To continue the backpropagation steps, we are going to compute \(\delta^{(i-1)}\) from \(\delta^{(i)}\) for \(i<n\) inductively. Again, the key is the chain rule: \[ \delta^{(i-1)}_k = \frac{\partial L_{W}}{\partial z^{(i-1)}_{k}} = \sum_{t}\frac{\partial L_{W}}{\partial z^{(i)}_{t}}\frac{\partial z^{(i)}_{t}}{\partial z^{(i-1)}_{k}} \]
The structure of the neural network tells us that \[ z_{t}^{(i)} = \sum_{j} \sigma(z_{j}^{(i-1)})w_{jt}^{(i)}. \tag{9.1}\]
Therefore \[ \frac{\partial z^{(i)}_{t}}{\partial z^{(i-1)}_{k}}= \sigma'(z_{k}^{(i-1)})w_{kt}^{(i)}. \]
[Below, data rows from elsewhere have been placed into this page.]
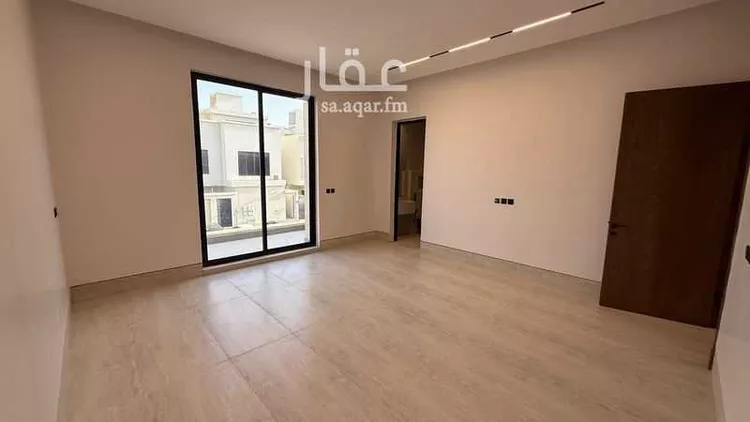 Villa for Sale in Riyadh Ash Sharq 14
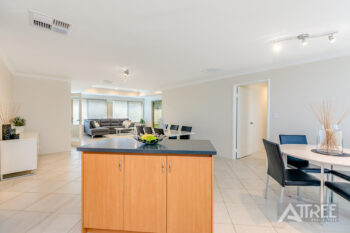 Listing image for 1 Dalyup Road, Southern River  WA  6110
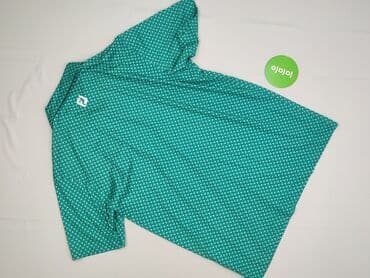 stradivarius sweterki: Koszulka polo dla mężczyzn, L — 3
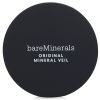 BAREMINERALS - Original Mineral Veil Pressed Setting Powder - # Sheer Fair 008185 / 41700613101 9g/0.3oz - As Picture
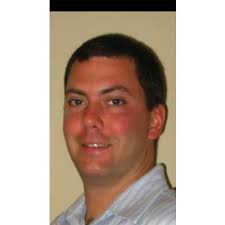 Jason Brinker, West Milford, NJ Real Estate Associate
Putting this in the chain rule sum yields \[ \frac{\partial L_{W}}{\partial z^{(i-1)}_{k}} = \sum_{t}\frac{\partial L_{W}}{\partial z^{(i)}_{t}}\sigma'(z_{k}^{(i-1)})w_{kt}^{(i)}. \]
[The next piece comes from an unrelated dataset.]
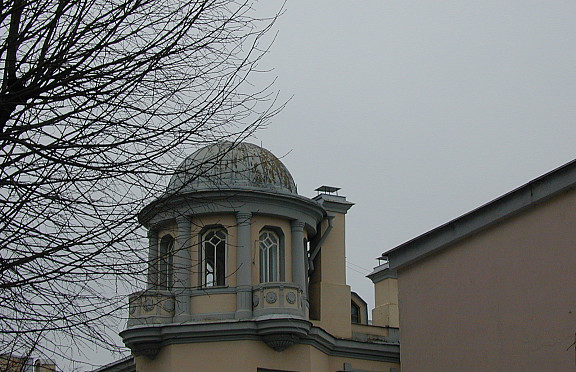 Nuotrauka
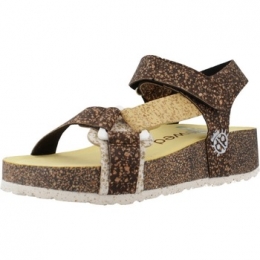 SandalenYOKONOWEST007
In other words \[ \delta^{(i-1)}_{k} = \sigma'(z_{k}^{(i-1)})w_{kt}^{(i)}\delta^{(i)}_{t} \] or, in vector form,
\[ \delta^{(i-1)} = \sigma'(z^{(i-1)})W^{(i)}\delta^{(i)} \] where the multiplication by the vector \((\sigma'(z^{(i-1)}_{j}))\) is done componentwise.
9.5.3 Backpropagation - putting it together
As we’ve seen, by a backward pass through the network we can compute the \(\delta^{(i)}\), which are essentially the gradients of \(L_{W}\) with respect to the variables making up the \(i\)th layer.
Of course, what we really want are the gradients with respect to the weights, and that requires one more use of the chain rule. We see that \[ \frac{\partial L_{W}}{\partial w^{(i)}_{jk}} = \sum \frac{\partial L_{W}}{\partial z^{(i)}_{k}}\frac{\partial z^{(i)}_{k}}{\partial w^{(i)}_{jk}} \] and from Equation 9.1 we have
\[ \frac{\partial z^{(i)}_{k}}{\partial w^{(i)}_{jk}} = \sigma(z^{(i-1)}_{j}). \]
As a result, \[ \frac{\partial L_{W}}{\partial w^{(i)}_{jk}} = \delta^{(i)}_{k}\sigma(z^{(i-1)}_{j}). \]
The gradient \(\nabla W^{(i)}\) of \(W^{(i)}\) is therefore a matrix whose \(jk\) entry is given by \[ \frac{\partial L_{W}}{\partial w^{(i)}_{jk}}=\sigma(z^{(i-1)}_{j})\delta^{(i)}_{k}. \] This is sometimes called the outer product of the vectors \(\sigma(z^{(i-1)})\) and \(\delta^{(i)}\) or just the matrix product of the column vector \(\delta^{(i)}\) and the row vector \(\sigma(z^{(i-1)})\) (in that order).
9.5.4 Training
The training process for a neural network uses successive forward (inference) passes and backward (backpropagation) passes to iteratively move the weights of the network in a way that reduces the loss function.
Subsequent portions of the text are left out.